## Work to complete:
Would you repeat every entry below word for word but drop the images?

## Material provided:

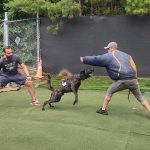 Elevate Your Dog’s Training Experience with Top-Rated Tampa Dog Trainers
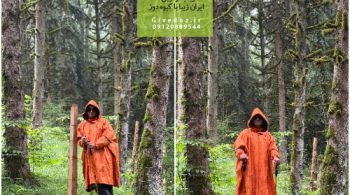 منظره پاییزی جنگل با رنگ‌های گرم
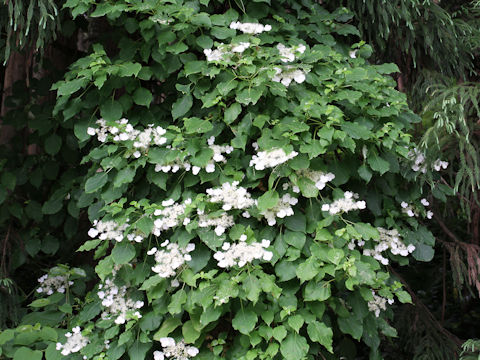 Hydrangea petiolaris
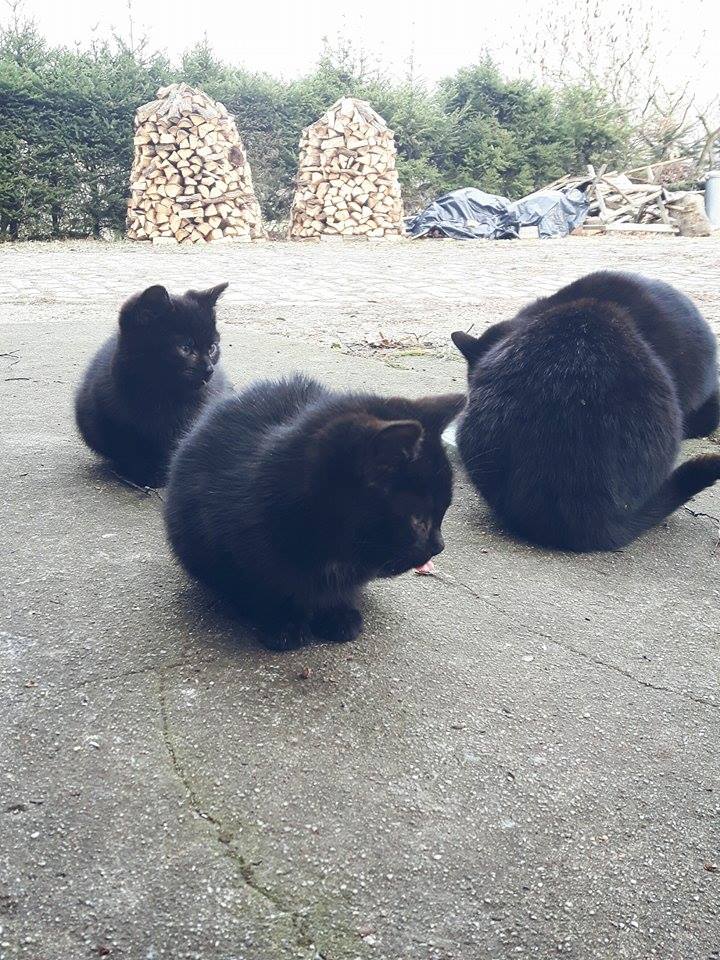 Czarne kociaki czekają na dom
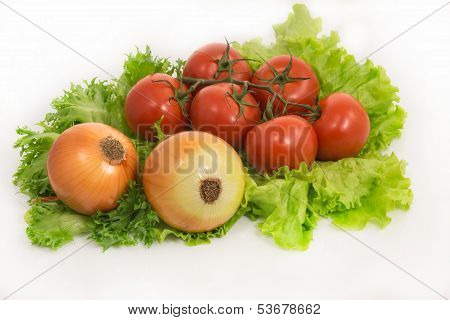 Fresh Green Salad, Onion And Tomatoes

## Answer to the problem:
 Elevate Your Dog’s Training Experience with Top-Rated Tampa Dog Trainers
 منظره پاییزی جنگل با رنگ‌های گرم
 Hydrangea petiolaris
 Czarne kociaki czekają na dom
 Fresh Green Salad, Onion And Tomatoes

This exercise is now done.